» Instructions to follow:
Print exactly the lines below between the line holding "Caroline Ziegler, 15" and the line holding "Candles in glass jars Stock Photo", inclusive, and nothing more.

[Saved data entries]
■ ■ ■ ■ ■ ■ ■
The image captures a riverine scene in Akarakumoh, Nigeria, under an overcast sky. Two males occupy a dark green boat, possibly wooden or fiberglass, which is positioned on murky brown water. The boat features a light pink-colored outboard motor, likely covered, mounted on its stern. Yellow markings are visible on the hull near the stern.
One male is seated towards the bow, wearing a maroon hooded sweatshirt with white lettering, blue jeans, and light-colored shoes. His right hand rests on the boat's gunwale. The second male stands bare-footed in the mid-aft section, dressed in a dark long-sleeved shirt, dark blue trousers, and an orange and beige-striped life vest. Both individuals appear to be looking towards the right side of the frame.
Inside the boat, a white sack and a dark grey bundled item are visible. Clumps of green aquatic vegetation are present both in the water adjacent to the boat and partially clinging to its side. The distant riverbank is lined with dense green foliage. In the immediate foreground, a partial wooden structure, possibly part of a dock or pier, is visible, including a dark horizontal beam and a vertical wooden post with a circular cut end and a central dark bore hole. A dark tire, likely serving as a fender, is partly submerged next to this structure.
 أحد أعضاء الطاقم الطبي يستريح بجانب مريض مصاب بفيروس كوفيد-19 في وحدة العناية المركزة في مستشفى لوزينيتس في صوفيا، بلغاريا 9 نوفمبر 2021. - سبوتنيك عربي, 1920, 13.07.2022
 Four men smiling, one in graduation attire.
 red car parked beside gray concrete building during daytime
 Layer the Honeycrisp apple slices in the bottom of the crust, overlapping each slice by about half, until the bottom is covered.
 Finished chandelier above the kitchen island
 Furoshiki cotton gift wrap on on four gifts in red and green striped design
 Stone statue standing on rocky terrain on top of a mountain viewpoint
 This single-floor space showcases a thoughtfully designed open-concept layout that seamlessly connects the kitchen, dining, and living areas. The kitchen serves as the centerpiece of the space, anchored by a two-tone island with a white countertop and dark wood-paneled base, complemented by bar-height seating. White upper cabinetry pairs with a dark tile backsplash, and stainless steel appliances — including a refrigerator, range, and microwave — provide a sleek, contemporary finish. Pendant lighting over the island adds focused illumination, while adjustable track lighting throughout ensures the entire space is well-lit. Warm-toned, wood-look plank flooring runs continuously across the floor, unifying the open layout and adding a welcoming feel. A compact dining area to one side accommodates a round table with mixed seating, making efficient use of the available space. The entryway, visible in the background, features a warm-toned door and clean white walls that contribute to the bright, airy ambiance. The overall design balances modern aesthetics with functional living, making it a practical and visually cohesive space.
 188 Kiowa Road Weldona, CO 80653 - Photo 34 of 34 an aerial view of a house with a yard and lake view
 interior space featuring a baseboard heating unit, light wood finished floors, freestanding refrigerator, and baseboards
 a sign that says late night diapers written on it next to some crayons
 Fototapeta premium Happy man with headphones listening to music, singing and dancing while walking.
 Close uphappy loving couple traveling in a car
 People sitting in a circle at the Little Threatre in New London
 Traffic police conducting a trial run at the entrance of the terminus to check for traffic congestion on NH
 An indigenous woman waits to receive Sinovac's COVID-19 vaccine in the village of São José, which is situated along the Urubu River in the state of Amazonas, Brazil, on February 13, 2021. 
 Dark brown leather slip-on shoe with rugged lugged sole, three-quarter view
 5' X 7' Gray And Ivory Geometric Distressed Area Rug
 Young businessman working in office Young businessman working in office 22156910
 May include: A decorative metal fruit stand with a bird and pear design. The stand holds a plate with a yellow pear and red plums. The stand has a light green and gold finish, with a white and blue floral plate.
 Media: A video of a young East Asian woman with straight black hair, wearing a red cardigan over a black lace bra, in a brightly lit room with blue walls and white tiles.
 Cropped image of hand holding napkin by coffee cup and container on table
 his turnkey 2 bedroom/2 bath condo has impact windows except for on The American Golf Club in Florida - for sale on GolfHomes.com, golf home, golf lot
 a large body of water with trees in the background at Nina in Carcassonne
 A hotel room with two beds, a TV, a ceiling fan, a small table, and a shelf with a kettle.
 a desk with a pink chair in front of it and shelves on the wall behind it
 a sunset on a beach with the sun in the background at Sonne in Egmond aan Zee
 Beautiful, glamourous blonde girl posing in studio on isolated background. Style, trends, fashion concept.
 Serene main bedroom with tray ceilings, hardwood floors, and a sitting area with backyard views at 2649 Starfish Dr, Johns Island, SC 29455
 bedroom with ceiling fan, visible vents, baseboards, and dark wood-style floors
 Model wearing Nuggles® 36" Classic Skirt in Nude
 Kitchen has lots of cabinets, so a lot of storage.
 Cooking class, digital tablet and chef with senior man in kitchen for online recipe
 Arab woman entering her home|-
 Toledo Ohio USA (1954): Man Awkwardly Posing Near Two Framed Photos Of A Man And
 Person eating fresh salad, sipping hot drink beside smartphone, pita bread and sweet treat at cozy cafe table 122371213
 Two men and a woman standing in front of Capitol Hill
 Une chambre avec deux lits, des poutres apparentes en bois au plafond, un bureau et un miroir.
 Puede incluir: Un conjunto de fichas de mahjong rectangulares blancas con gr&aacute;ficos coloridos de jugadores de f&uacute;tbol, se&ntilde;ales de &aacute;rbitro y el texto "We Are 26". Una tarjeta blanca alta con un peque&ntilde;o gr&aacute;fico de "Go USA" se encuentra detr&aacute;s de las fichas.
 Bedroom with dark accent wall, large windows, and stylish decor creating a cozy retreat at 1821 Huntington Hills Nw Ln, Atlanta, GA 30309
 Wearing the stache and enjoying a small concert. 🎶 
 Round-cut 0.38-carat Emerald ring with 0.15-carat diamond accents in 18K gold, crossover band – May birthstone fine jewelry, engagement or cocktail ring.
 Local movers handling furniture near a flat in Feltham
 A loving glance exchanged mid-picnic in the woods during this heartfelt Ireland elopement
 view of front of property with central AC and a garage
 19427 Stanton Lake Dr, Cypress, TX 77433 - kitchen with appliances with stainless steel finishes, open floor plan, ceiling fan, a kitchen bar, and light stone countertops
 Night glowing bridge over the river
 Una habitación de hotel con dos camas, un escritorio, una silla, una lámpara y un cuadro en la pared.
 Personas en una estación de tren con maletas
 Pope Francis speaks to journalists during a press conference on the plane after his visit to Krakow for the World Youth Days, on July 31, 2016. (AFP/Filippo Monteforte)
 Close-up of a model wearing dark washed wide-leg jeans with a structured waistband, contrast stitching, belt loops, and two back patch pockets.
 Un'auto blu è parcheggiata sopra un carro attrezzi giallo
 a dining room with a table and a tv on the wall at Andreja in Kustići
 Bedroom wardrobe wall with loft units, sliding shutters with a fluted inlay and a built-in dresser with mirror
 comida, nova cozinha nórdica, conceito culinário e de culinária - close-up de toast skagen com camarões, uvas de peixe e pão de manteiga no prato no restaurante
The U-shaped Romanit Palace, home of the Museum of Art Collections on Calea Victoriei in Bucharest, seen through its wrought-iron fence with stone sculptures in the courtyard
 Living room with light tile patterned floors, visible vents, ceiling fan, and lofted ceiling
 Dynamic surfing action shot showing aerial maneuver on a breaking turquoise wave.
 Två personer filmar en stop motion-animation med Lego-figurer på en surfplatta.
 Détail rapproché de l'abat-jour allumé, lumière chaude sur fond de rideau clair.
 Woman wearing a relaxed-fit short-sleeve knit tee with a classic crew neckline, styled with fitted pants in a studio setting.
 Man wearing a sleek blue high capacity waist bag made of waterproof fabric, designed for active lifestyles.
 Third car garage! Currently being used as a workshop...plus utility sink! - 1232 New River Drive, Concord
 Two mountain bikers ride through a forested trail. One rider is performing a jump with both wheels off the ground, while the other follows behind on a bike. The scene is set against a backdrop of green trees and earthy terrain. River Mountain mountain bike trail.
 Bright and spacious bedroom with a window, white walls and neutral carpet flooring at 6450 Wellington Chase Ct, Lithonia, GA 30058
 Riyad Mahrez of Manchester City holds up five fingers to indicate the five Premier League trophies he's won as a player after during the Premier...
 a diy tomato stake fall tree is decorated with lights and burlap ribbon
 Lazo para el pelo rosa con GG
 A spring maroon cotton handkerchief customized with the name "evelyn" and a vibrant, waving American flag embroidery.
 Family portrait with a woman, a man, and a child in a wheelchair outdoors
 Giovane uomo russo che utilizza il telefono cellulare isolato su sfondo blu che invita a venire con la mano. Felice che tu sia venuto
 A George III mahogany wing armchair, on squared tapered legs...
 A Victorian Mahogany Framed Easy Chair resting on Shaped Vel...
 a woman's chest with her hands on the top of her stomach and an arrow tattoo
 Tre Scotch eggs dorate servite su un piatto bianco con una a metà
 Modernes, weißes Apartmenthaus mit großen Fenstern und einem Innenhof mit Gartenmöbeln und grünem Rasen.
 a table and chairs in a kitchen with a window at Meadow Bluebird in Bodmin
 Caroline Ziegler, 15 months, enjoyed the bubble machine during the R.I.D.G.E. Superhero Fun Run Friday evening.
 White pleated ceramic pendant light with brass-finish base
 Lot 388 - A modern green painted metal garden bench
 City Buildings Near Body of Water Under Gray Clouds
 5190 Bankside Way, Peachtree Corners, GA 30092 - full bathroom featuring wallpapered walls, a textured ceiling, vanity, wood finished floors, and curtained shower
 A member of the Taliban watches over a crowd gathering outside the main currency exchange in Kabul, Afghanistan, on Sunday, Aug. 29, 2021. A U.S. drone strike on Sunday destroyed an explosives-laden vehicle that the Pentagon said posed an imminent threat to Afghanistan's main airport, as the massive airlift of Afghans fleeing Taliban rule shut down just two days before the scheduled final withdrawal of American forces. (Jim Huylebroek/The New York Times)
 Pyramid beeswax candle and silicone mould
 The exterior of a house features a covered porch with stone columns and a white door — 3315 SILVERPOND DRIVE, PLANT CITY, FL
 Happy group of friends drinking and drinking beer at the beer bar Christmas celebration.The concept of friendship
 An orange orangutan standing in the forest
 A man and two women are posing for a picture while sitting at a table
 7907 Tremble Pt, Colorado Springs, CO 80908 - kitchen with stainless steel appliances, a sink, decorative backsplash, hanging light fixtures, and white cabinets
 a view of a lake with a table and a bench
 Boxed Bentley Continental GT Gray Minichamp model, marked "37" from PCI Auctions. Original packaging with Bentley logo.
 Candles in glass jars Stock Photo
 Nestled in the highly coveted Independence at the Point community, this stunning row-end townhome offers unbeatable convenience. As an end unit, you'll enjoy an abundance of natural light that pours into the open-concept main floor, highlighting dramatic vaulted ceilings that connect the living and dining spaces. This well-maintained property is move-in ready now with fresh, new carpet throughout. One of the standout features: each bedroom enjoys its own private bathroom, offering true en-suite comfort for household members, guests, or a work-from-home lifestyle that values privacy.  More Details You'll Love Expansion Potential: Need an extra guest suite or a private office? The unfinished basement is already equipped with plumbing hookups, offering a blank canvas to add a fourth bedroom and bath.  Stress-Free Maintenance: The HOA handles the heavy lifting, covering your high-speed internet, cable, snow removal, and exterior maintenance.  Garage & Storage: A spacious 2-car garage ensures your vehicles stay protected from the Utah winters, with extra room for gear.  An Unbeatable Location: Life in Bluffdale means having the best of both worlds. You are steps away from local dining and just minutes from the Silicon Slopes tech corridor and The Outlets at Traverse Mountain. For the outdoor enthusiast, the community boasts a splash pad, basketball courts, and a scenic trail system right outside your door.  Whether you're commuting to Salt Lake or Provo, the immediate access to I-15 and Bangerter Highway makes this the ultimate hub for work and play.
■ ■ ■ ■ ■ ■ ■
» Result below:
 Caroline Ziegler, 15 months, enjoyed the bubble machine during the R.I.D.G.E. Superhero Fun Run Friday evening.
 White pleated ceramic pendant light with brass-finish base
 Lot 388 - A modern green painted metal garden bench
 City Buildings Near Body of Water Under Gray Clouds
 5190 Bankside Way, Peachtree Corners, GA 30092 - full bathroom featuring wallpapered walls, a textured ceiling, vanity, wood finished floors, and curtained shower
 A member of the Taliban watches over a crowd gathering outside the main currency exchange in Kabul, Afghanistan, on Sunday, Aug. 29, 2021. A U.S. drone strike on Sunday destroyed an explosives-laden vehicle that the Pentagon said posed an imminent threat to Afghanistan's main airport, as the massive airlift of Afghans fleeing Taliban rule shut down just two days before the scheduled final withdrawal of American forces. (Jim Huylebroek/The New York Times)
 Pyramid beeswax candle and silicone mould
 The exterior of a house features a covered porch with stone columns and a white door — 3315 SILVERPOND DRIVE, PLANT CITY, FL
 Happy group of friends drinking and drinking beer at the beer bar Christmas celebration.The concept of friendship
 An orange orangutan standing in the forest
 A man and two women are posing for a picture while sitting at a table
 7907 Tremble Pt, Colorado Springs, CO 80908 - kitchen with stainless steel appliances, a sink, decorative backsplash, hanging light fixtures, and white cabinets
 a view of a lake with a table and a bench
 Boxed Bentley Continental GT Gray Minichamp model, marked "37" from PCI Auctions. Original packaging with Bentley logo.
 Candles in glass jars Stock Photo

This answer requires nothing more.